Total params: 1,011,001

Trainable params: 1,011,001

Non-trainable params: 0

\end{lstlisting}

## Training

I trained the network with a batch size of *100*. For each batch the following procedures are done:

1- **Train Discriminator**: We feed 50 training images to the encoder and assume the obtained latent codes as fake ones (label=0). We also generate 50 samples from desired distribution, the 8-D Gaussian distribution, and assume them as real ones (label=1). After generating these latent codes we train discriminator with these samples and their corresponding labels. The network will be train based on classification error.

2- **Train Autoencoder for Reconstruction Error**: The 100 sample of training images are feed to autoencoder (encoder and decoder) and the autoencoder will be trained based on reconstruction error (MSE).

3-** Train Generator (Encoder)**: At this phase, we have to train generator (encoder) to generate latent codes the same as sampled ones. In other words, the encoder should be trained such that it fools discriminator. For this aim, we freeze the discriminator weights and train encoder and discriminator together such that discriminator classifies the latent codes of feed images as real ones (label=1).

## Results

The following figures show the generated images after 1000 and 4000 epochs.
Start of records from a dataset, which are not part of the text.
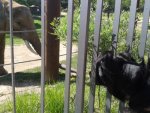 20150515_110601.jpg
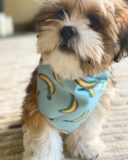 Shih Tzu Pictures, Size, Temperament +More | Premier Pups Hypoallergenic Shih Tzu Pup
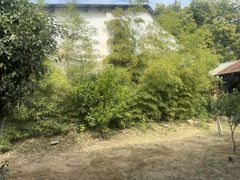 -柴米油盐(土菜院子店)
As shown images are sharp and not blur like Variational Autoencoder. The SGD is used for discriminator and generator with learning rate $0.01$ and ADAM with a learning rate of *0.001* for reconstruction phase.
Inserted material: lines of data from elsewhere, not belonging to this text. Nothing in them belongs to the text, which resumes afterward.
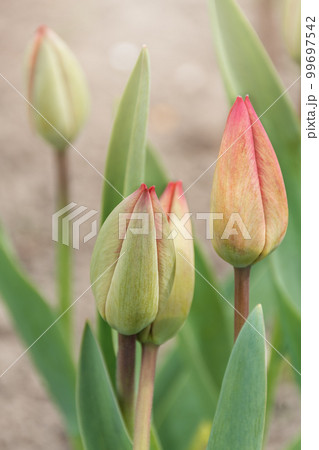 Tulip buds with green leaves 99697542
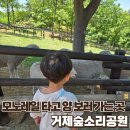 공원 | 거제 아이랑 가볼만한곳 입장료 무료 숲소리공원후기✨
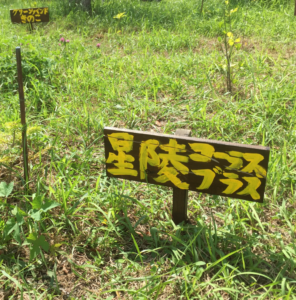 8BBE0948-D935-42EC-843A-AC83B1551A92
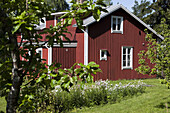 A swedish wooden house in the sunlight, Höga Kusten, Vaesternorrland, Sweden, Europe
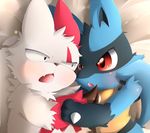  ???? black_eyes blue_fur blush canine claws eye_contact fangs fur hug jackal lucario lying mammal markings mongoose nekokagebevil nintendo open_mouth pok&#233;mon pok&eacute;mon red_eyes red_markings spikes teeth tooth video_games white_fur zangoose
# Incorporating Label Information in the Adversarial Regularization

The previous section is completely unsupervised. In the scenarios where data is labeled, we can incorporate the label information in the adversarial training stage to better shape the distribution of the hidden code. The proposed scheme is shown in the following figure. In this scheme is tried to map the latent codes of each number to a specific Gaussian distribution. In addition, the one-hot code of the label is fed to the discriminator. In our implementation, we used a mixture of 10 Gaussian distribution. We trained this scheme in a semi-supervise manner. for this purpose, an extra dimension is assumed for one-hot encoder (11 dimensions). If a label of a sample is not provided the 11'th element of the code is one and the generated sample are sampled from the whole mixture of Gaussian.
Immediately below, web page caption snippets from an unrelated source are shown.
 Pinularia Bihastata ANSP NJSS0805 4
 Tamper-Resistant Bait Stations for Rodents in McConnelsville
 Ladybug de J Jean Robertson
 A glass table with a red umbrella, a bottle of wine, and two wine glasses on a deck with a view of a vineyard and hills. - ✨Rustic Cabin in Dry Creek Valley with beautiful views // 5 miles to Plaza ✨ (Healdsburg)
## Implementation & Results

I trained semi-supervised AAE using 40000 labeled sample and 20000 unlabeled samples. The details of the architecture of the network is the same as the previous one. The conditional generated samples are shown in the following image:

and the latent codes of some test images are plotted in the following figure. The details of implementation are accessible in the source code.

# Supervised Adversarial Autoencoder

This section focuses on the fully supervised scenarios and discusses the architecture of adversarial autoencoders that can separate the class label information from the image style information.

In order to incorporate the label information, the paper alters the network architecture of the previous section to provide a one-hot vector encoding of the label to the decoder (The following figure). The decoder utilizes both the one-hot vector identifying the label and the hidden code z to reconstruct the image. This architecture forces the network to retain all information independent of the label in the hidden code z.

## Implementation & Results

I implement the same architecture of the above figure. The output of epoch 1000 is shown in the following figure. In this picture, each row belongs to the same number and each column belongs to the same style.

## Conclusion

In this project, I implemented three scheme from AAE: Original AAE, Semi-Supervised and Supervised. The details of implementation are given in source codes. The optimization algorithms and their learning rates are chosen such that the networks converge correctly.

## Source Code

https://github.com/alimirzaei/adverserial-autoencoder-keras

## Bibliography

[1] Makhzani, Alireza, et al. “Adversarial autoencoders.”

arXiv preprint arXiv:1511.05644(2015).